Enfin outre ces bienfaits il en est un dernier, sans lequel tous les autres ne serviraient de rien, et que le Psalmiste insinue en ces termes : « Et votre miséricorde m'accompagnera tous les jours de ma vie. » Cette miséricorde renferme le don précieux de la persévérance, qui est au -dessus de tout mérite, et sans lequel, après les orages de cette vie, on n'arrive point au port désiré du salut et du bonheur. Car de même que quelquefois des vaisseaux, après avoir traversé de vastes mers, font naufrage en approchant du port ; de même aussi il peut arriver que ceux qui ont échappé aux divers périls de la jeunesse et aux orages de la vie, en viennent à perdre, dans leur vieillesse, la piété et la justice. Ce fut le sort du roi Salomon, et d’Asa, son petit-fils. Leur justice passée leur servit peu, parce qu'il leur manqua le don suprême de la persévérance, caractère distinctif des prédestinés.

Quelle est la conséquence de tous ces bienfaits ? La voici : « J'habiterai éternellement dans la maison du Seigneur. » Cette maison est le palais céleste, où il est présent d'une manière particulière, pour béatifier ses élus, et les rassasier de joies éternelles. Nous n'avons pas à parler maintenant de ce dernier et suprême bienfait. Remarquons seulement qu'il est le but auquel se rapportent les autres biens dont vous avez entendu l'énumération : car tous rendent pour les justes le chemin du ciel facile et agréable, en même temps qu'ils les soutiennent, les aident, les consolent merveilleusement pendant cette vie.
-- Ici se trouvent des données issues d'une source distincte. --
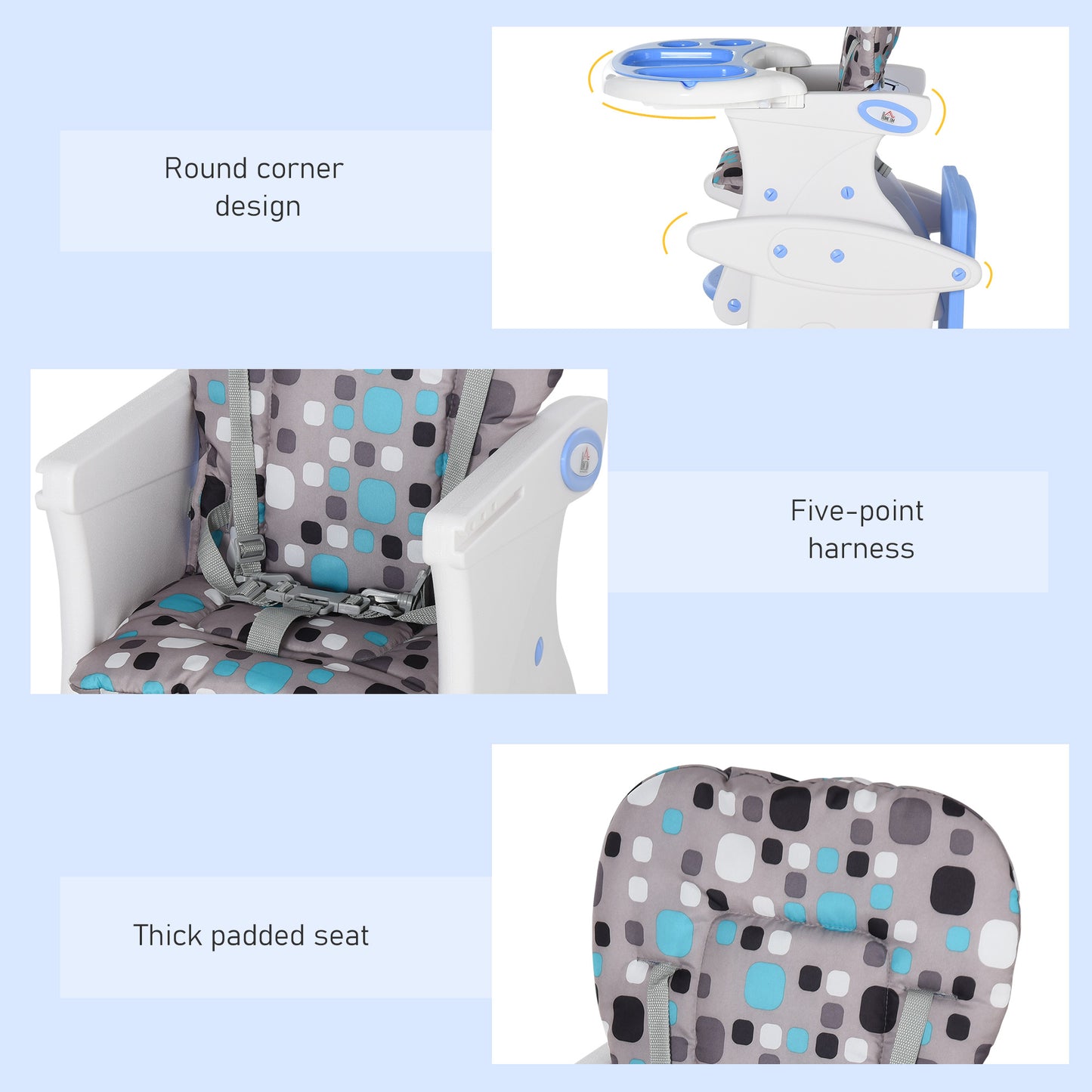 HOMCOM 2 in 1 Convertible Baby High Chair Toddler Table Chair Infant Feeding Seat Removable Food Tray Safety Harness Blue--ChewyGames-ChewyGames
Vous donc qui alléguiez deux inconvénients pour ne point entrer dans la voie du salut, vous avez ici, outre le bien suprême, réservé pour le siècle futur, onze bienfaits magnifiques de la grâce divine, qui réduisent à néant vos craintes vaines et mensongères. Si donc vous croyez que la sainte Écriture est divine, si vous avez foi à ce que nous avons dit, reconnaissez les ruses de l'antique serpent, et préparez-vous à marcher par la route qui sauve, afin que participant à de si grands biens en cette vie, vous méritiez enfin, sous la conduite et la direction du céleste pasteur, de parvenir heureusement aux pâturages de l'éternelle félicité, qui rassasient pleinement les âmes des saints.